-------- Data under study --------

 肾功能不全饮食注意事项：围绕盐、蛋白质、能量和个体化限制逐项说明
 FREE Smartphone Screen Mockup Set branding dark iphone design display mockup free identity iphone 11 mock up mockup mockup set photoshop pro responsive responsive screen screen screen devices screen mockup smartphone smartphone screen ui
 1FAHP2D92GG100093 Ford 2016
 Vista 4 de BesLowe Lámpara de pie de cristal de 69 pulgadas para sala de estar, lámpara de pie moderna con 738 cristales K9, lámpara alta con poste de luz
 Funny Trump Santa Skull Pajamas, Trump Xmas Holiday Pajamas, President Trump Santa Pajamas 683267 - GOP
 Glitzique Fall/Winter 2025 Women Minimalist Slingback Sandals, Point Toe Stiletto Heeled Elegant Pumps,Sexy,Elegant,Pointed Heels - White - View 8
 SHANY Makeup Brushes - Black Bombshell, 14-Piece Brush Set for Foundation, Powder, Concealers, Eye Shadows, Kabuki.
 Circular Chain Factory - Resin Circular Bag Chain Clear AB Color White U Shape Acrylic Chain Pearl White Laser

--------
-------- Data under study --------

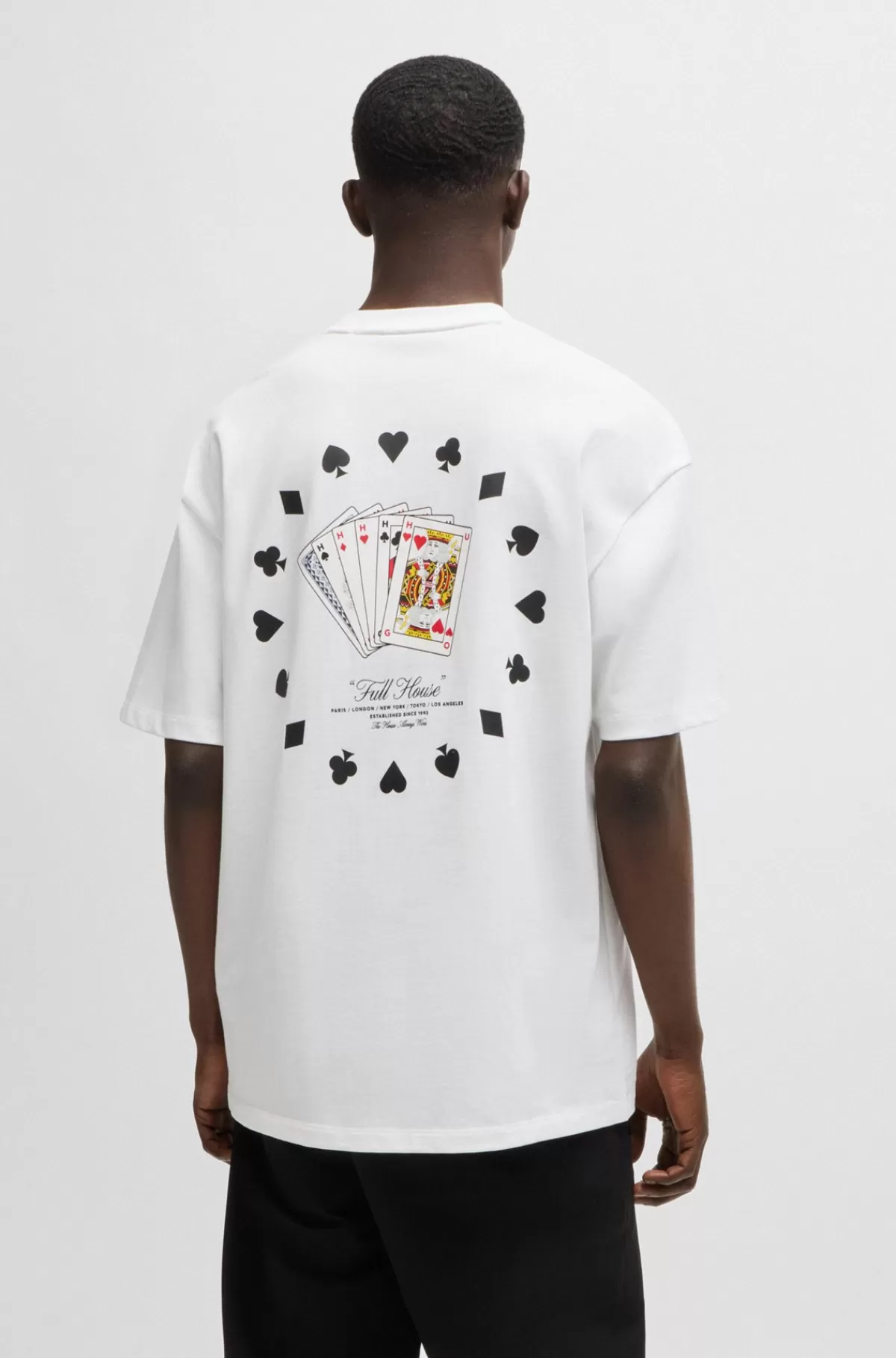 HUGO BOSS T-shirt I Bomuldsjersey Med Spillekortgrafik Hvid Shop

--------
-------- Data under study --------

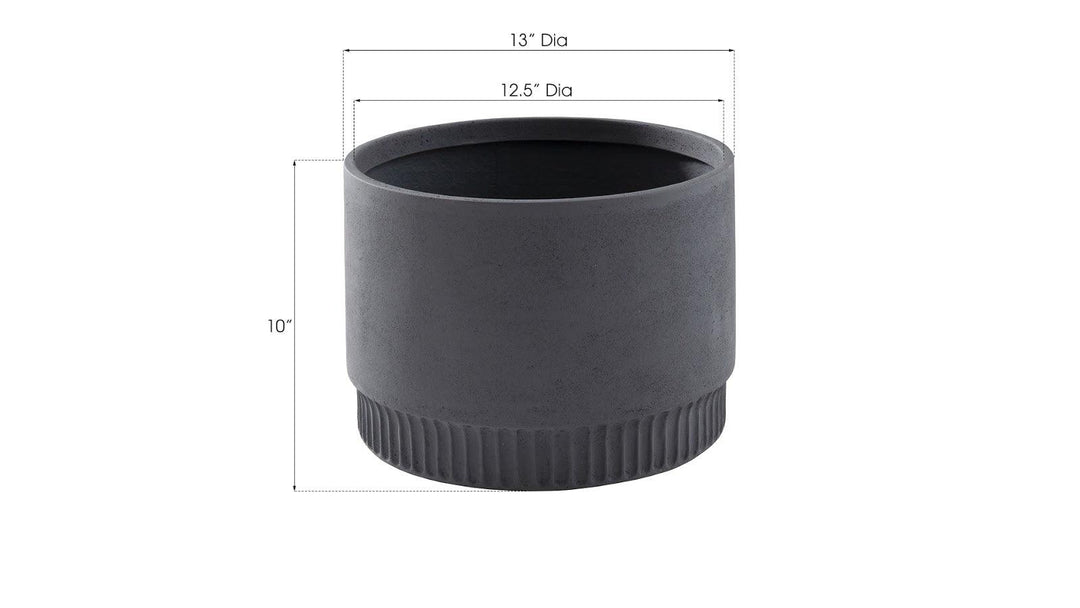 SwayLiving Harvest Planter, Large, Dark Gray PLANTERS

--------

Please return the lines above that run from the line containing "FREE Smartphone Screen" to the line containing "Circular Chain Factory", inclusive, exactly and with no other lines.

 FREE Smartphone Screen Mockup Set branding dark iphone design display mockup free identity iphone 11 mock up mockup mockup set photoshop pro responsive responsive screen screen screen devices screen mockup smartphone smartphone screen ui
 1FAHP2D92GG100093 Ford 2016
 Vista 4 de BesLowe Lámpara de pie de cristal de 69 pulgadas para sala de estar, lámpara de pie moderna con 738 cristales K9, lámpara alta con poste de luz
 Funny Trump Santa Skull Pajamas, Trump Xmas Holiday Pajamas, President Trump Santa Pajamas 683267 - GOP
 Glitzique Fall/Winter 2025 Women Minimalist Slingback Sandals, Point Toe Stiletto Heeled Elegant Pumps,Sexy,Elegant,Pointed Heels - White - View 8
 SHANY Makeup Brushes - Black Bombshell, 14-Piece Brush Set for Foundation, Powder, Concealers, Eye Shadows, Kabuki.
 Circular Chain Factory - Resin Circular Bag Chain Clear AB Color White U Shape Acrylic Chain Pearl White Laser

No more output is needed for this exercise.